A grata surpresa é termos um game desse tipo completamente em português e, mais do que isso, com uma dublagem sem os problemas usuais. Ela também contribui para o trabalho de atores que, no original, nem sempre entregam, permitindo um envolvimento ainda maior com a história que, afinal de contas, é o foco central de Erica.

Você decide

A ideia de filme interativo faz com que a jogabilidade seja incrivelmente simples, apenas com toques na tela ou no touchpad e um eventual pressionamento para sair do foco dado a algumas fotos e documentos, de tempos em tempos. É um game claramente feito para que até mesmo jogadores iniciantes consigam experimentar sem nunca tirarem os olhos da tela.

Usando a tela do celular ou o touchpad do DualShock 4, Erica pede que o usuário faça escolhas importantes e analise pistas (Imagem: Reprodução/Felipe Demartini)

Entretanto, um grave problema acabou sendo encontrado durante o processo de análise e atinge diretamente o centro da experiência: foi simplesmente impossível jogar com o celular, uma alternativa, inclusive, recomendada pela Flavourworks em detrimento do DualShock 4. O aparelho tem uma superfície de toque maior e facilita movimentos mais longos, mas o título simplesmente travava o tempo todo.

Não sabemos exatamente o que aconteceu, mas todas as possibilidades que estavam em nosso alcance foram testadas. Deletamos e reinstalamos o game duas vezes em nosso PlayStation 4 e também experimentamos diferentes iterações de conectividade. Inicialmente, o console estava cabeado, enquanto o celular, um iPhone XR, se encontrava no Wi-Fi, mas os problemas continuaram mesmo com ambos na rede sem fio. Felizmente, Erica é perfeitamente jogável com o controle.

A simplicidade máxima da jogabilidade, se é que podemos chamar assim, deve afastar muita gente. A Flavourworks também sabe disso e investiu em uma trama não exatamente intrincada, mas que possui ramificações claras e, principalmente, sabe deixar o jogador instigado.

Erica pode ser finalizado em menos de duas horas, como um filme, mas a variedade de finais confere fator replay ao título (Imagem: Divulgação/Sony)

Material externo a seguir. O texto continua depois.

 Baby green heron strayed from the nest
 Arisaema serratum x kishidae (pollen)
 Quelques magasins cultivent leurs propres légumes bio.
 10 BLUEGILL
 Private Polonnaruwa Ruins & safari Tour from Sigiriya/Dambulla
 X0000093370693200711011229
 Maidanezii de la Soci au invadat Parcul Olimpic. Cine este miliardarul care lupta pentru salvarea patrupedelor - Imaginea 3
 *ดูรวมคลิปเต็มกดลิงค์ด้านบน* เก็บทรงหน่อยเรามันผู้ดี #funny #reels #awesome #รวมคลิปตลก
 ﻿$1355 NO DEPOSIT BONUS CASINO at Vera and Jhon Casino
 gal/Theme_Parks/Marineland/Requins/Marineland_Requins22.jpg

Não vamos falar muito sobre o enredo para não entregar spoilers, mas é preciso dizer que, na maioria das decisões importantes, o jogador jamais saberá em quem confiar. Mesmo tendo informações e compreendendo mais ou menos o que está acontecendo, o caráter destes personagens nem sempre fica claro, dádiva de um roteiro bem escrito para aumentar ainda mais a ênfase sobre as decisões.

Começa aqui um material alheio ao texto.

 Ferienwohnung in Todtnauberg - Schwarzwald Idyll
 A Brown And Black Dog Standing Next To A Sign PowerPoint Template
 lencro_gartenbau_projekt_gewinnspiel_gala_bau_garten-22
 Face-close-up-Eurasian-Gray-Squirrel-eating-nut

As barreiras entre verdade e mentira são indistinguíveis, com o jogador percebendo claramente os momentos que alteram pontos principais da história. Mais do que isso, em diversos momentos, importantes alinhamentos e até mesmo a vida de personagens estarão nas mãos do jogador e ele nem sempre se sentirá seguro do que está prestes a fazer, torcendo pelo melhor.

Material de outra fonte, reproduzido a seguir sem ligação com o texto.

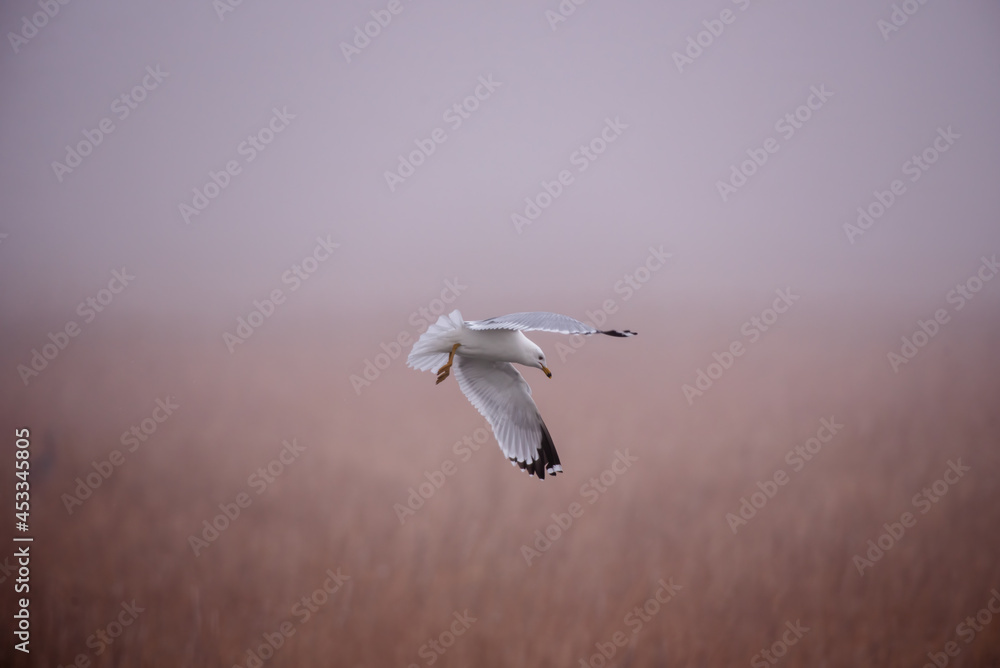 Fototapeta premium seagull in flight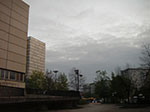 IMGP1890.jpg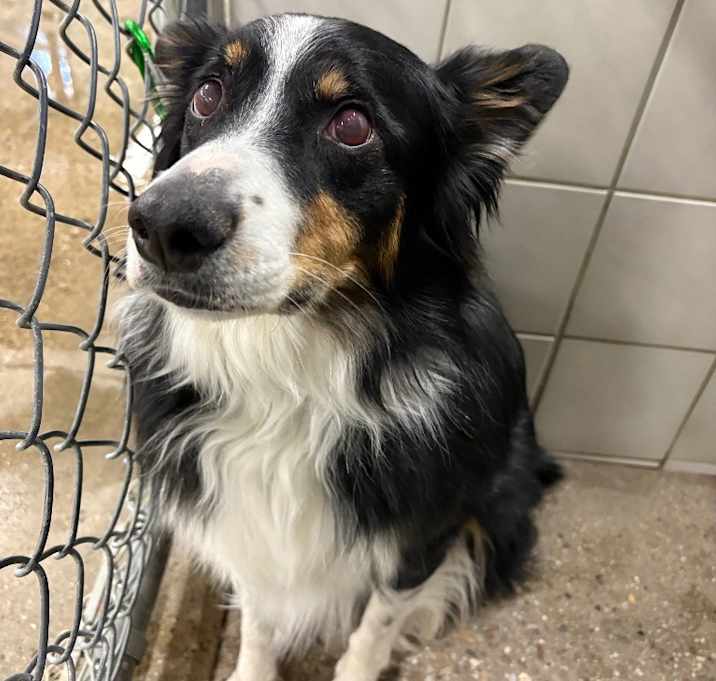 Photo of Maverick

A recomendação da desenvolvedora de Erica é jogar com o celular, mas não conseguimos fazer o game funcionar desta maneira (Imagem: Reprodução/Felipe Demartini)

Como um filme, Erica pode ser terminado em cerca de duas horas, mas a quantidade de finais e opções faz com que o fator replay seja alto. Muitas coisas não mudam de verdade na primeira metade do game, mas as opções do segundo arco podem levar a desfechos completamente diferentes, alguns heroicos, outros perturbadores.

Erica não é o maior blockbuster do mundo nem um game surpreendente e cheio de plot twists. Os valores de produção podem não ser altíssimos, mas são o suficiente para não deixar o título cair no abismo da galhofa. Por outro lado, o que a Sony e a Flavourworks apresentam é uma gratíssima surpresa para os fãs de jogos em live action e também para aqueles que procuram uma experiência instigante para acompanhar sozinho ou com os amigos.

Erica foi testado em cópia digital gentilmente cedida ao Canaltech pela Sony.